Replication Models: Primary-Backup, Multi-Leader, and Leaderless
LESSON
Replication Models: Primary-Backup, Multi-Leader, and Leaderless
The core idea: Replication models are coordination choices because each one decides where writes become authoritative and where the system pays to reconcile disagreement.
Core Insight
Imagine a product with three kinds of data: account balances, shopping carts, and user preference toggles. Copying each kind of data to several machines is easy to say, but the hard question is different: where is a write allowed to become real?
For account balances, a single strongly controlled write path may be worth the latency because conflicting updates are expensive. For shopping carts, local writes from multiple devices or regions might be acceptable if the merge behavior is clear. For preferences, a leaderless or eventually repaired model may be enough if "last update wins" or another simple rule is acceptable.

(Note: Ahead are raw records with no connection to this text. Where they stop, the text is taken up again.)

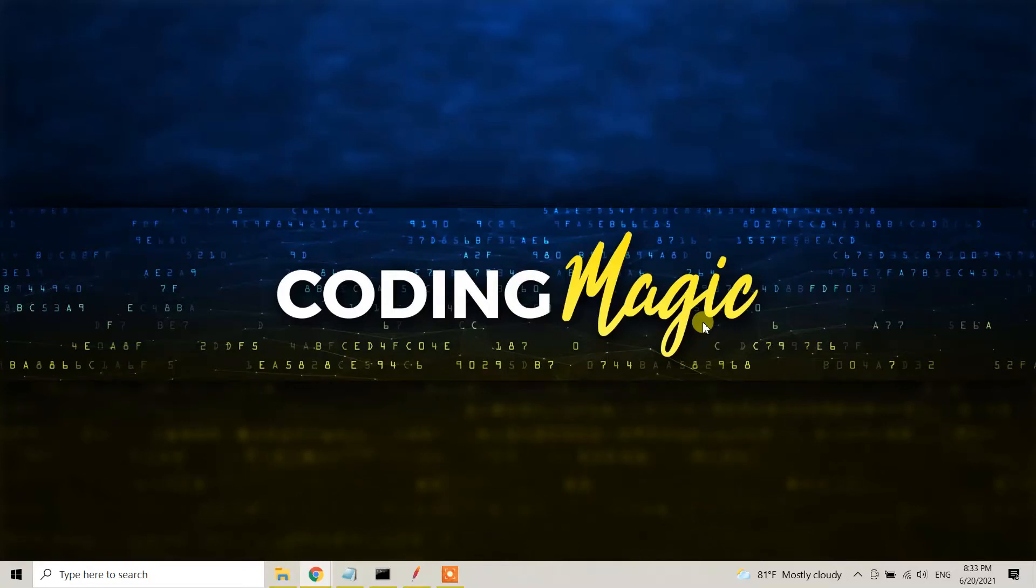Hello guys, this is Coding Magic YouTube channel. Today in this video tutorial, I'm going to show you how we can uninstall, delete, or remove JMeter from our Windows 10.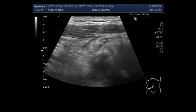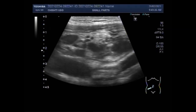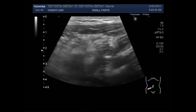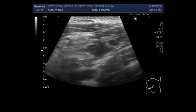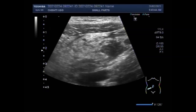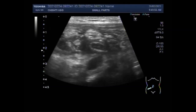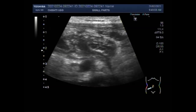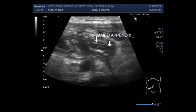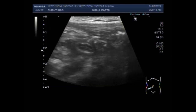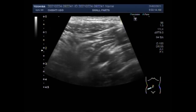Now again you can see the lower portion of the ascending colon near the cecum. This is the appendix. The size of the appendix is small as it has ruptured and the fluid has gone outside its body.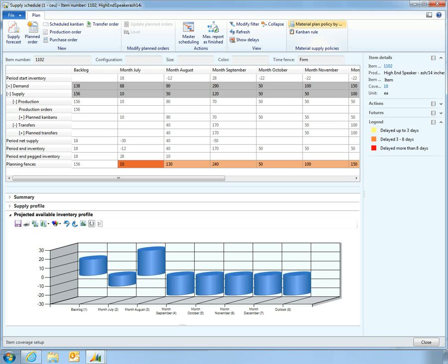Microsoft Dynamics AX 2012 provides an all-in-one view of the inventory forecast, including supply and demand, that makes it easy for Vince to spot and correct potential shortages.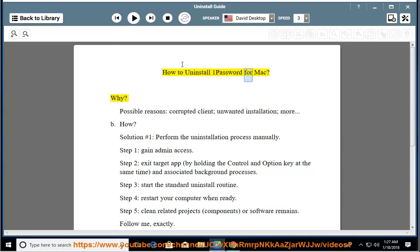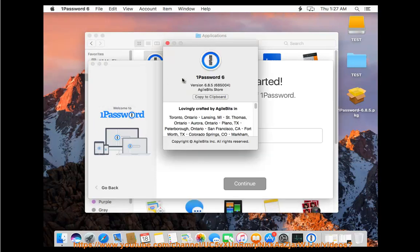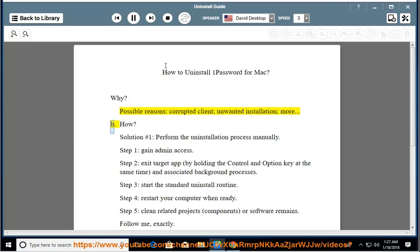How to uninstall 1Password for Mac. Why? Possible reasons include a corrupted client, unwanted installation, and more.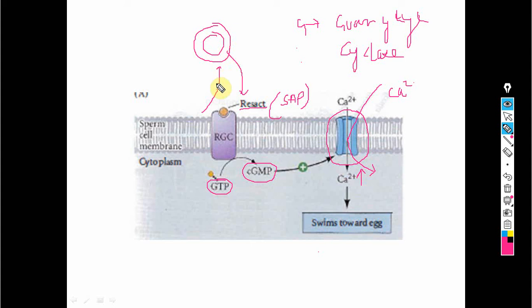This is the concept of sperm attraction. In the next session I will be telling you about the acrosomal reaction. Please do like and share my videos. Thank you.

Primary-backup, multi-leader, and leaderless replication are three answers to that authority question. They are not just deployment diagrams. They move coordination cost to different moments: before the write, after the write, or across read/write quorum and repair paths.
The trade-off is the whole point. Primary-backup buys clarity by centralizing authority. Multi-leader buys locality by accepting reconciliation. Leaderless buys availability and flexibility by pushing authority into quorums, version metadata, and repair semantics.
Authority, Not Just Copies
A system can have many physical copies while still having one logical write authority. Another system can have many write authorities and therefore more conflict risk. A third system can avoid a permanent leader and instead decide whether enough replicas have participated.
The useful comparison is:
Model Where writes become authoritative
-------------- ---------------------------------------------
Primary-backup one primary path
Multi-leader several regional or shard-local leaders
Leaderless replica quorums plus version/repair semantics
This framing helps avoid a common mistake: choosing a replication model by how scalable it sounds rather than by how the data behaves under conflict.
A balance transfer, a collaborative document edit, and a preference toggle do not have the same conflict cost. A replication model that is excellent for one may be dangerous or needlessly expensive for another.
Primary-Backup: Pay Early for a Clear Writer
Primary-backup centralizes normal write authority. Clients send writes to the primary; backups learn from it.
client -> primary -> backups
That model is attractive when the system needs a simple answer to "what order did writes happen in?" The primary becomes the normal sequencer for a shard, log, or piece of metadata.
It often fits:
- consensus-backed logs
- metadata stores
- strongly ordered control paths
- data where conflicting writes are costly
The benefit is a cleaner correctness story. The system can make most write conflicts disappear by not allowing several normal writers for the same authority domain.
The cost is concentration:
- the primary can become a bottleneck
- write locality is constrained
- failover behavior matters a lot
- backup lag affects read freshness and recovery
Primary-backup is therefore not "simple and free." It pays coordination cost before or during the write so the rest of the system has less reconciliation to do later.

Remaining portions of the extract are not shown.